───── Data extracts

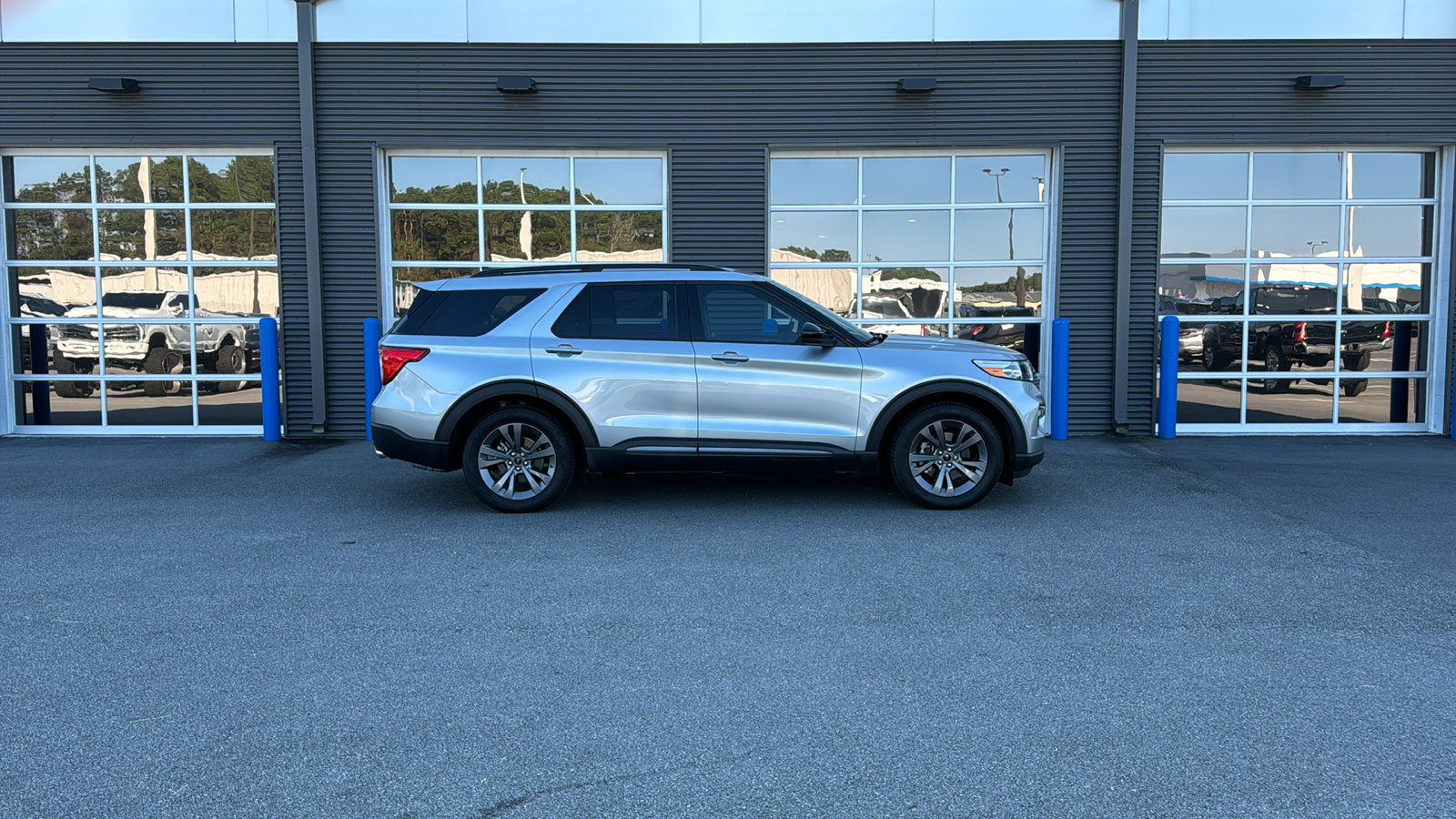 2023 Ford Explorer XLT 4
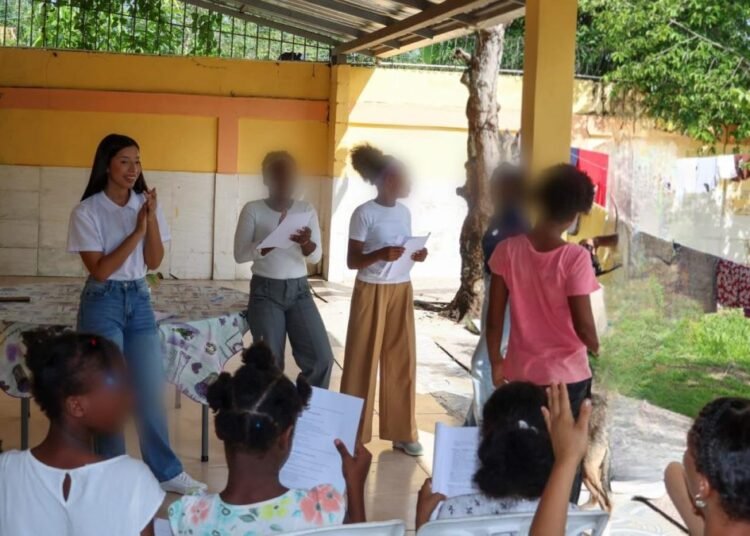 Iniciativa Vistas con Amor transforma vidas de niños vulnerables mediante el arte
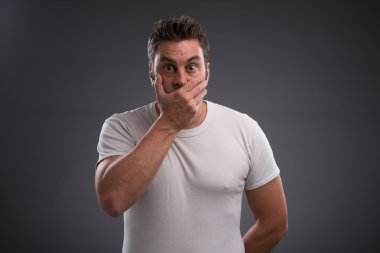 Adam kapsayan ağız el ile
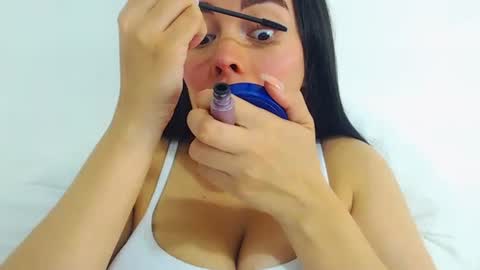 imsweetlips online show from 05-24-26, 07:52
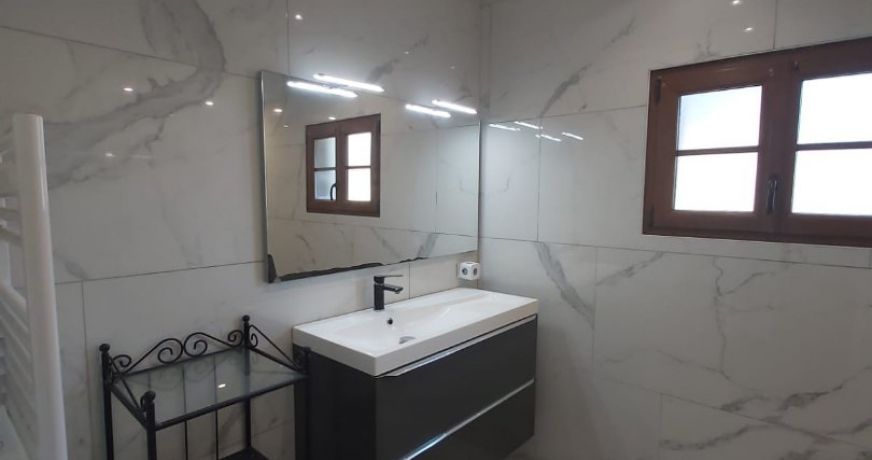 location Maison Tarascon Sur Ariege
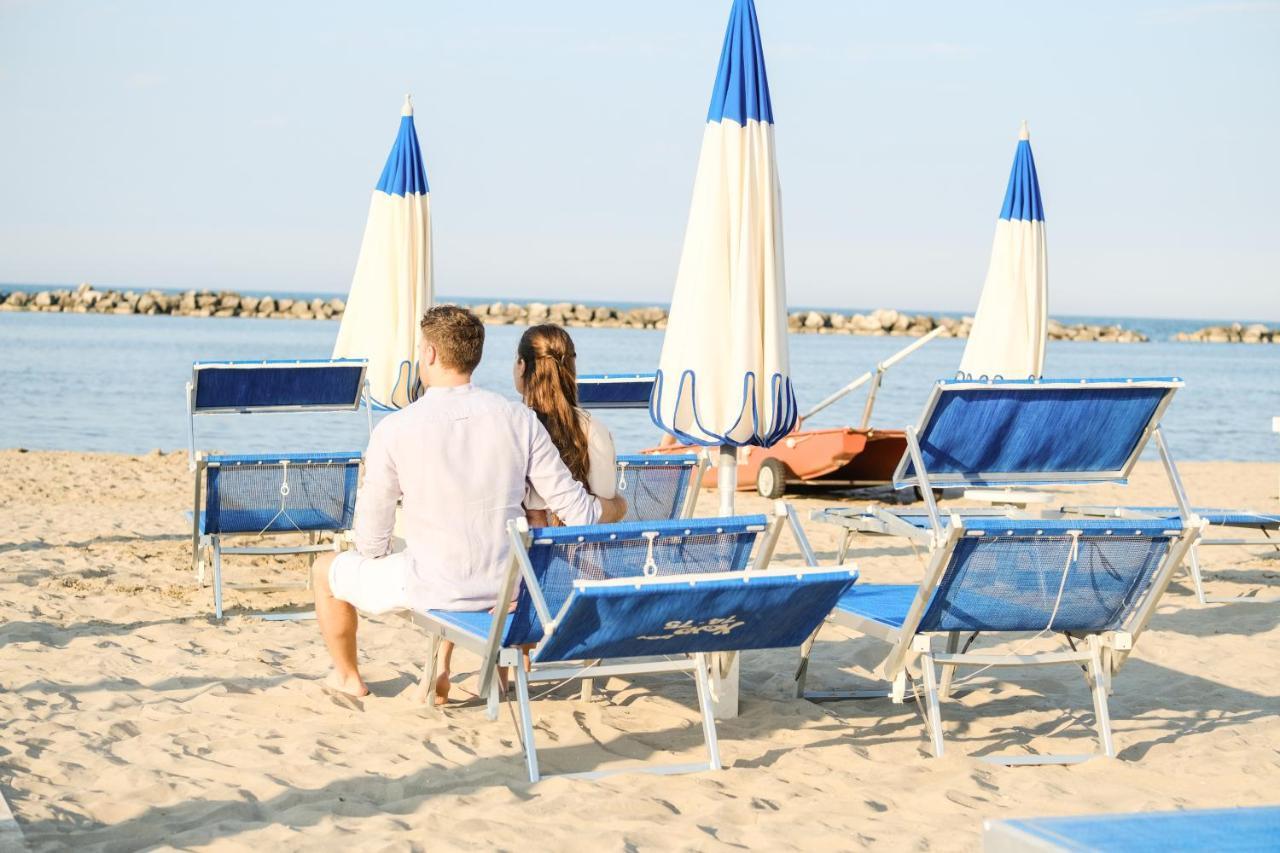 Hotel Thea Bellaria-Igea Marina Exterior foto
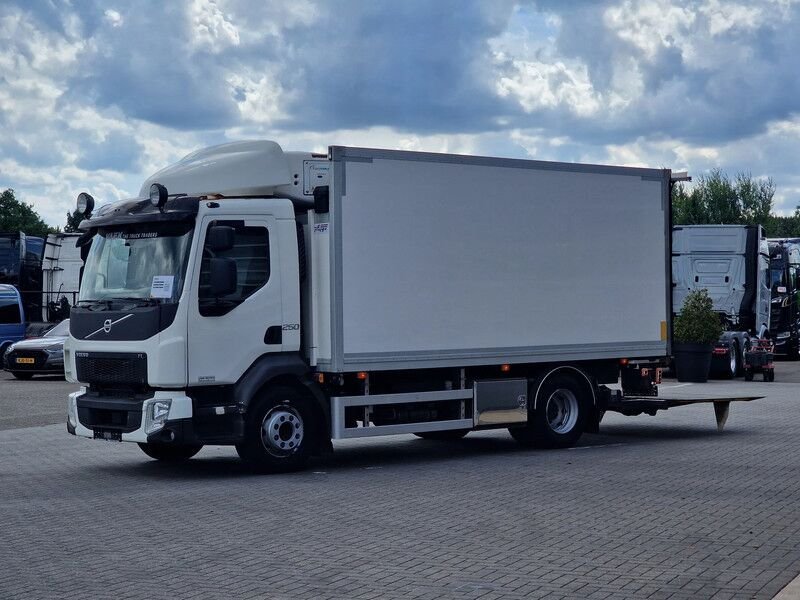 Truck Volvo 12-62R850-71P
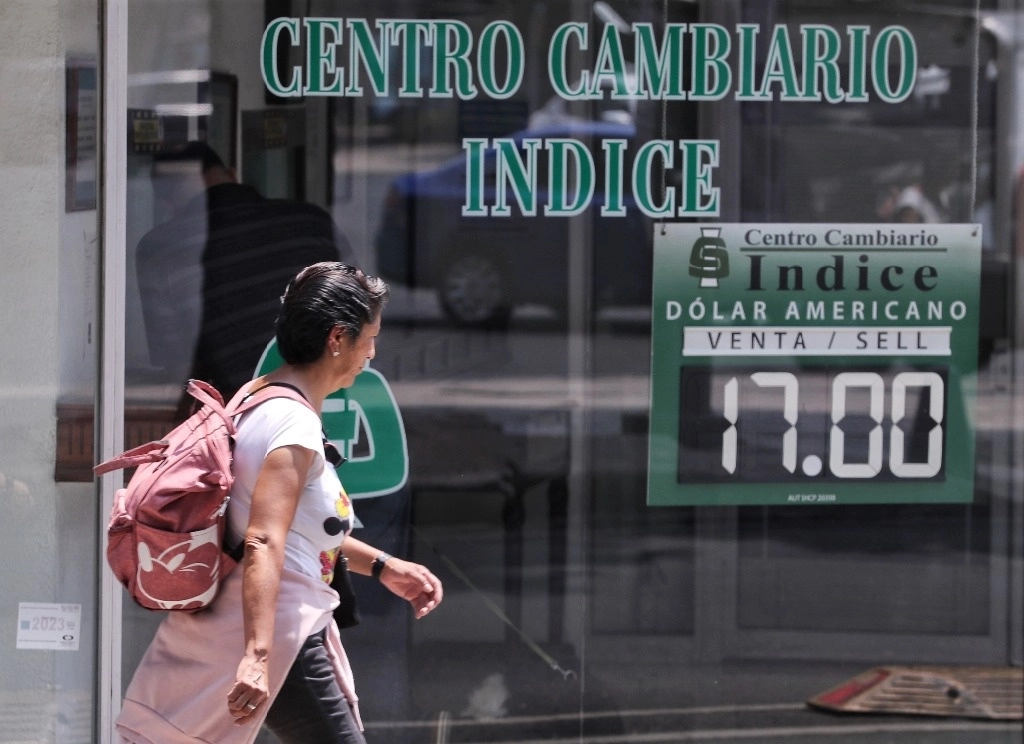 Este ,lunes el dólar ganó terreno al peso mexicano por 7 centavos aproximadamente. Foto Marco Peláez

──────────

Your copy should match the entries above exactly and contain no pictures.

- Answer to the problem -
 2023 Ford Explorer XLT 4
 Iniciativa Vistas con Amor transforma vidas de niños vulnerables mediante el arte
 Adam kapsayan ağız el ile
 imsweetlips online show from 05-24-26, 07:52
 location Maison Tarascon Sur Ariege
 Hotel Thea Bellaria-Igea Marina Exterior foto
 Truck Volvo 12-62R850-71P
 Este ,lunes el dólar ganó terreno al peso mexicano por 7 centavos aproximadamente. Foto Marco Peláez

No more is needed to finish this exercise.